B.3. Recommended Partitioning Scheme

For new users, personal Debian boxes, home systems, and other single-user setups, a single / partition (plus swap) is probably the easiest, simplest way to go. However, if your partition is larger than around 6GB, choose ext3 as your partition type. Ext2 partitions need periodic file system integrity checking, and this can cause delays during booting when the partition is large.

For multi-user systems or systems with lots of disk space, it's best to put /usr, /var, /tmp, and /home each on their own partitions separate from the / partition.

You might need a separate /usr/local partition if you plan to install many programs that are not part of the Debian distribution. If your machine will be a mail server, you might need to make /var/mail a separate partition. Often, putting /tmp on its own partition, for instance 20 to 50MB, is a good idea. If you are setting up a server with lots of user accounts, it's generally good to have a separate, large /home partition. In general, the partitioning situation varies from computer to computer depending on its uses.
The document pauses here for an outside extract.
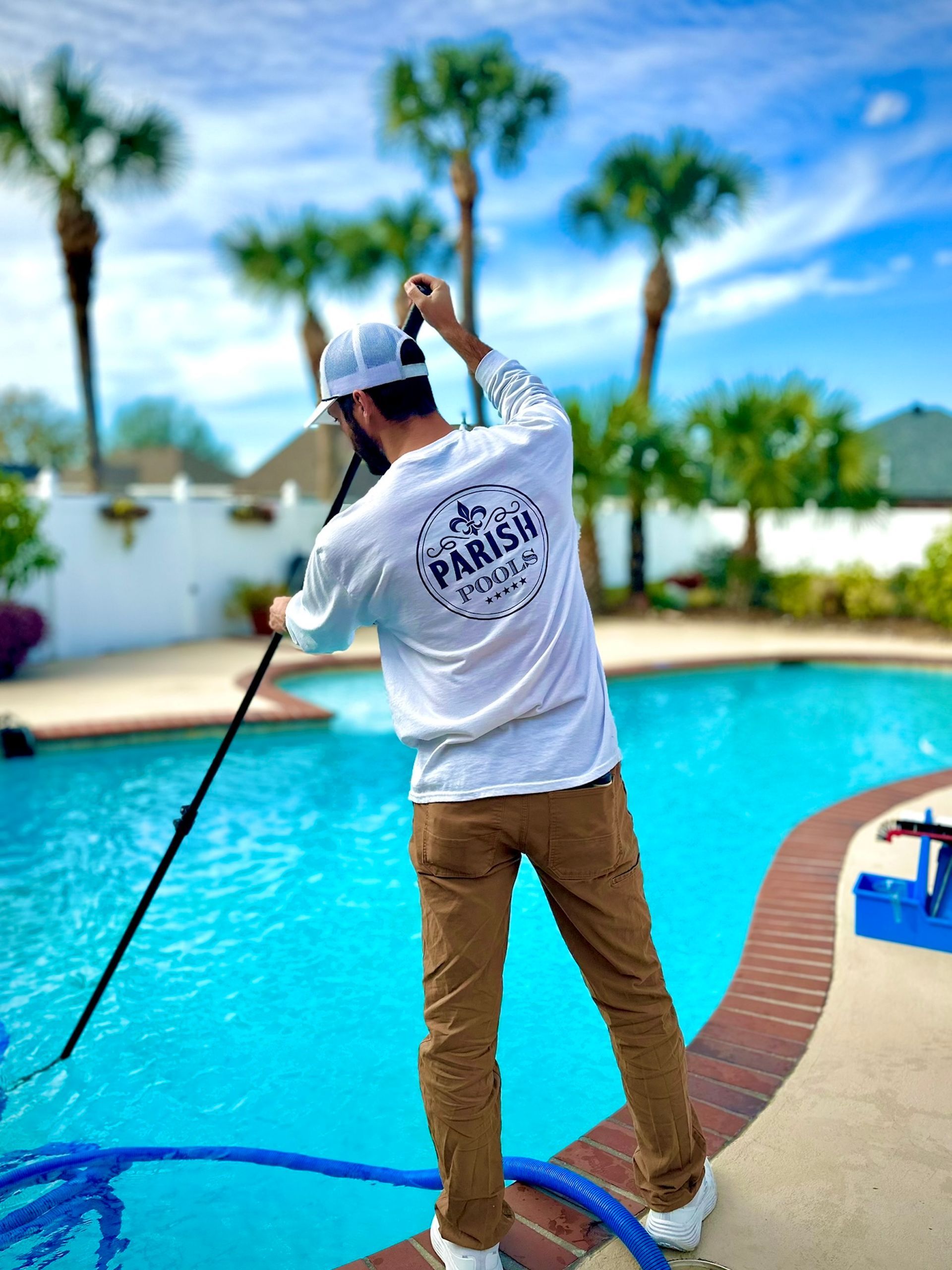 Man cleaning a pool with a long-handled brush, wearing white shirt, tan pants, and a white hat.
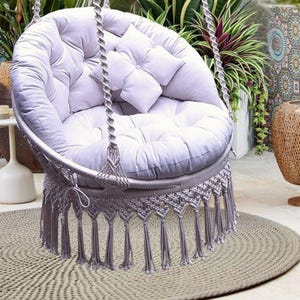 Comfortable hanging hammock chair, macrame, butterfly pattern on the back, chic, large pillows, roomy, cozy, for the whole family.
For very complex systems, you should see the Multi Disk HOWTO. This contains in-depth information, mostly of interest to ISPs and people setting up servers.

With respect to the issue of swap partition size, there are many views. One rule of thumb which works well is to use as much swap as you have system memory. It also shouldn't be smaller than 16MB, in most cases. Of course, there are exceptions to these rules. If you are trying to solve 10000 simultaneous equations on a machine with 256MB of memory, you may need a gigabyte (or more) of swap.

On the other hand, Atari Falcons and Macs feel pain when swapping, so instead of making a large swap partition, get as much RAM as possible.

On 32-bit architectures (i386, m68k, 32-bit SPARC, and PowerPC), the maximum size of a swap partition is 2GB. That should be enough for nearly any installation. However, if your swap requirements are this high, you should probably try to spread the swap across different disks (also called “spindles”) and, if possible, different SCSI or IDE channels. The kernel will balance swap usage between multiple swap partitions, giving better performance.

As an example, an older home machine might have 32MB of RAM and a 1.7GB IDE drive on /dev/hda. There might be a 500MB partition for another operating system on /dev/hda1, a 32MB swap partition on /dev/hda3 and about 1.2GB on /dev/hda2 as the Linux partition.

For an idea of the space taken by tasks you might be interested in adding after your system installation is complete, check Section C.3, “Disk Space Needed for Tasks”.